Daft Punk, fastueux
crescendo électro
Stéphane Davet à
Belfort, envoyé spécial pour Le Monde
A 2 heures et demie du
matin, l'immense pelouse qui s'étend au pied de la grande scène des Eurockéennes
est encore noire de 30 000 personnes.
Le 30 juin, la journée
d'ouverture de la dix-huitième édition du festival belfortain, qui se terminera
le 2 juillet, a jusque-là déroulé des concerts d'une excitation assez routinière
(Anaïs, Deftones, Arctic Monkeys, The Strokes). Mais on pressent qu'un événement
se prépare derrière le grand rideau sombre. Daft Punk vient de lancer sa
première tournée mondiale depuis près de dix ans. Et ce concert est leur seule
date française.
Le duo formé par les Français Thomas Bangalter et
Guy-Manuel de Homem-Christo (Le Monde du 30 juin) a longtemps fait de la
surprise un mode de fonctionnement. Dans les deux premiers albums (Homework et
Discovery), la découverte de leur musique s'accompagnait nécessairement de
l'étonnement de nouveaux sons et images, mettant en scène leur anonymat via la
naissance d'alter ego cybernétiques. Cette course à la sensation, doublée d'un
don pour les défoulements extatiques, en avait fait des stars internationales de
la génération house et techno.
En 2005, un troisième album
(Human After All) mettait en sourdine cette quête de spectaculaire et décevait
en conséquence.

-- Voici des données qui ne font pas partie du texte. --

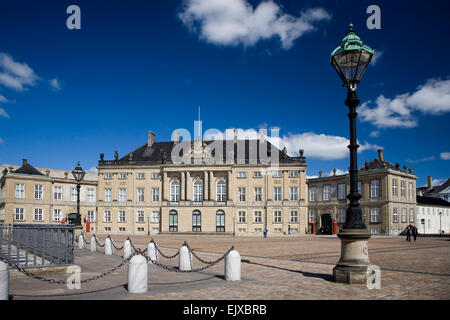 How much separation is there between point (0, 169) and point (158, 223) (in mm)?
29125

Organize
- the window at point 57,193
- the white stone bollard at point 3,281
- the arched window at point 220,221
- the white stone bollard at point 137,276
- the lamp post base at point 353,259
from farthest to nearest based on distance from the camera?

Leur retour sur scène correspond à une remise à niveau de leur
capacité de surprendre.
A la tombée du rideau
apparaît une pyramide, au sommet soulevé comme un chapeau. Retentissent soudain
les cinq notes qui, dans le film Rencontres du troisième type, servaient à
dialoguer avec les extra-terrestres. Sanglés de cuir, coiffés de casques
intégraux futuristes, les Daft prennent alors les commandes en haut du
monument.
TENDUS VERS
L'EFFICACITÉ
Ce ne sont encore que des
contre-plongées de lumières blanches et des lignes blafardes, projetées au son
du mot "robot" épelé au Vocoder, mais la limpidité de la puissance numérique et
la cohérence graphique impressionnent déjà.
Tout n'ira ensuite que
crescendo. Certes, on retrouve l'art originel du groupe, né de l'observation des
meilleurs DJ. Dans leurs ordinateurs, ils ont stocké toutes leurs musiques
mixées dans l'instant, tendues vers l'efficacité de l'impact dynamique et de la
danse. Le duo reste statique sur son perchoir, mais les sons et lumières
fusionnent et virevoltent avec une époustouflante magie. Dans la première
demi-heure, c'est une ruche de néons, de figures dessinées sur des écrans
géants. Puis la pyramide elle-même s'anime d'une géométrie en trois dimensions,
embarquée dans un voyage sidéral.
A chaque seconde son
ébahissement : un concert inoubliable, que des milliers de spectateurs cherchent
à immortaliser sur leur téléphone portable.